CONICET | Buscador de Institutos y Recursos Humanos

Kinetic isotope effects in reactions involving H-transfer and their temperature dependence are powerful tools to explore flexibility of enzyme catalytic sites. In plant-type ferredoxin-NADP+ reductases the FAD cofactor exchanges a hydride with the NADP+/H coenzyme. Rates for these processes are considerably faster for the plastidic members (FNR) of the family than for those belonging to the bacterial class (FPR).
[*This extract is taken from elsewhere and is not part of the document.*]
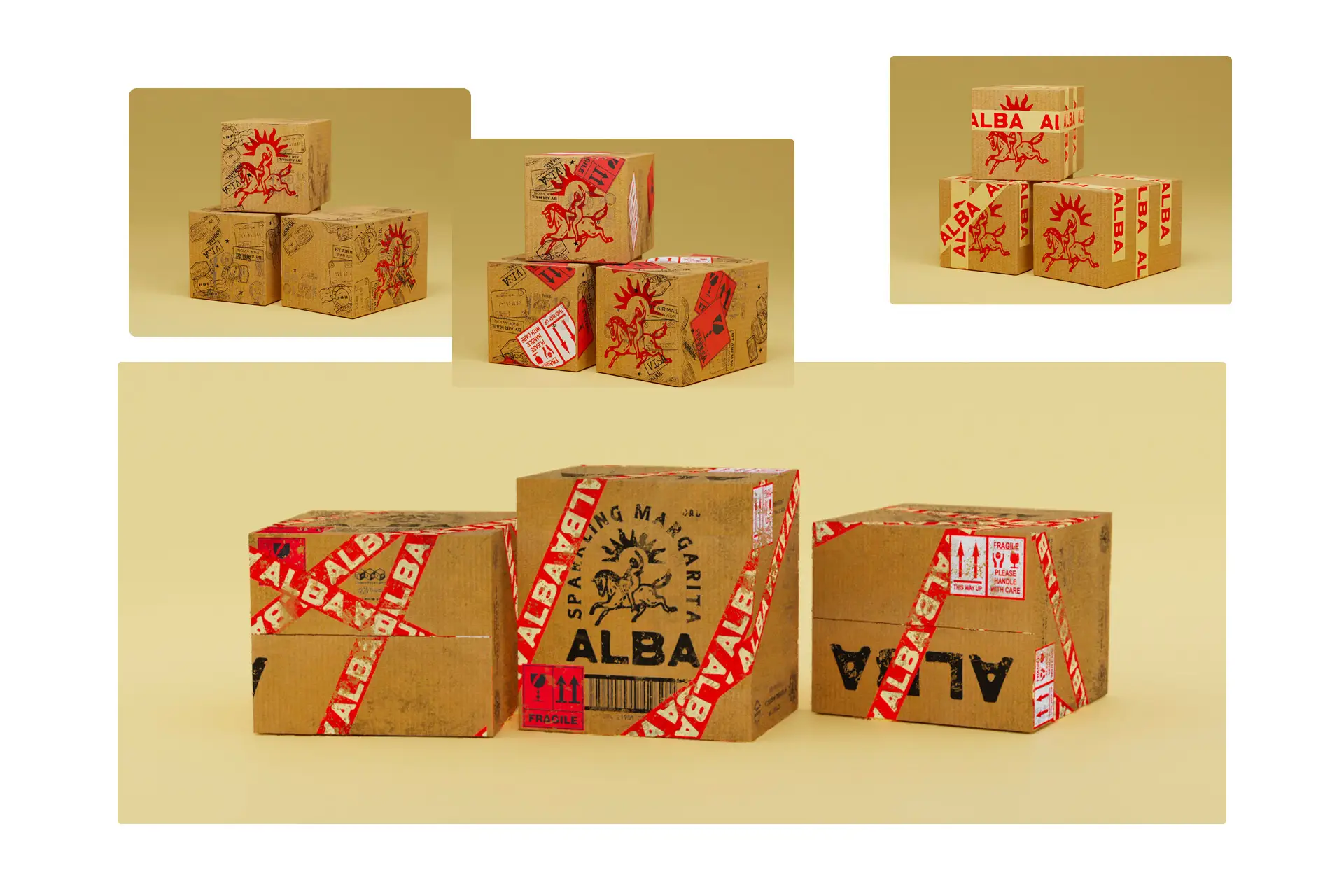 Alba branded cardboard PR shipping boxes in multiple configurations against a warm yellow background. Boxes are printed with the Alba horse-and-sun logo in red, stamped with travel marks, and sealed with branded Alba Sparkling Margarita packing tape. Fragile stickers and handling labels visible throughout.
Hydride (HT) and deuteride (DT) transfer rates for the coenzyme reduction of four plant-type FNRs (two representatives of the plastidic type FNRs and the other two from the bacterial class), and their temperature dependences are here examined applying a full tunnelling model with coupled environmental fluctuations. Parameters for the two plastidic FNRs confirm a tunnelling reaction with active dynamics contributions, but isotopic effects on Arrhenius factors indicate a larger contribution for donor-acceptor distance (DAD) fluctuations in processes for Pisum sativum FNR than for the Anabaena one. On the other hand, parameters for bacterial FPRs are consistent with passive environmental reorganisation movements dominating the HT step and no contribution of DAD sampling or gating fluctuations. This indicates that active sites of FPRs are more organised and stiffer than those for FNRs. These differences must obey to adaptation of the active sites and catalytic mechanisms to fulfil their particular metabolic roles, establishing a compromise between protein flexibility and functional optimisation. Analysis of site-directed mutants in plastidic enzymes additionally indicates the requirement of a minimal optimal architecture in the catalytic complex to provide a favourable gating contribution.